Efforts by some Albany residents to modify or eliminate the school speed zone on Waverly Drive have ended in a partial success. The city council Monday agreed with a staff recommendation to reduce the length of the zone by about two-thirds.
At its Monday work session, the council unanimously went along with the recommendation of Ron Irish, the city’s traffic systems analyst.
Accordingly, the length of the 20-mph school zone outside the South Albany High School athletic fields will be reduced from 1,200 feet to about 400 feet, or roughly 200 feet on either side of the pedestrian crossing at 36th Avenue, where there is a pedestrian-activated flashing beacon. The shorter zone will remain in effect from 7 to 5 on school days. The underlying speed limit on Waverly is 40 mph.
Irish reached his recommendation in an engineering study you can read here.
The length might be further reduced if Irish follows through on a suggestion by Councilman Rich Kellum to stagger the zones, making them shorter on the downstream sides of the crossing. Irish saw no compelling reason not to do this.
The Albany Traffic Safety Commission, which advises the council, had supported Irish’s recommendation on the condition that a second pedestrian crossing, south of 36th where there’s a median island across from a locked gate in the athletic field fence, be equipped with a pedestrian-activated beacon. But as far as I could tell, the council did not add that condition.
No word on the timing of the changes, which will require moving the signs. Meanwhile, the city has ordered “end of school zone” signs for all school zones that don’t have them. The lack of such signs on Waverly caused Municipal Court Judge Robert Scott this month to find South Albany resident Johnny Scot Van Ras not guilty of going 39 mph in the zone last October.

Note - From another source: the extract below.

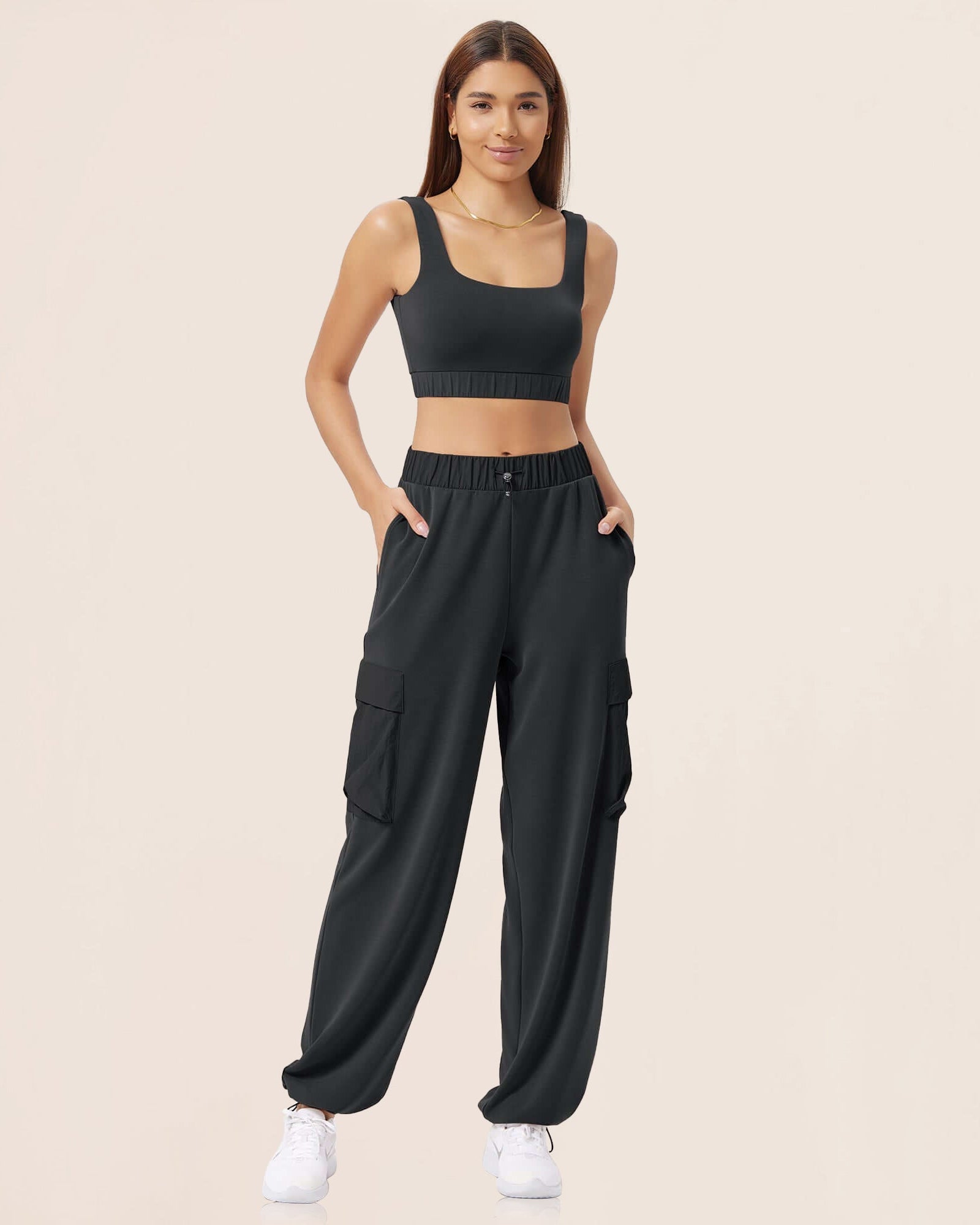 Wide Leg Cargo Adjustable Shockcord Loose Jogger Pants with Pockets Black - ododos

In a related item, North Albany resident Tom Cordier asked the council Monday to shorten the 20-mph zone at Fairmount School on Spring Hill Drive, where the regular limit is 40. He said the zone extends for 420 feet on both sides of the school’s frontage, which itself is 120 feet, and he felt this was an unrealistic length. That school zone was set by Benton County, and the city council did not react to Cordier’s request. (hh)
Is one child’s life worth driving a few miles faster to get to your destination. Maybe leaving home earlier is a safer answer. Drive as though it is your child.
If it’s a zero-probability event you want (not one child’s life), then you should seek to ban all automobile driving within a specific radius from the school. Is this reasonable?
It’s funny, Jefferson, Sweet Home, Lebanon can afford lights, telling when to watch out for kids, but Albany can’t.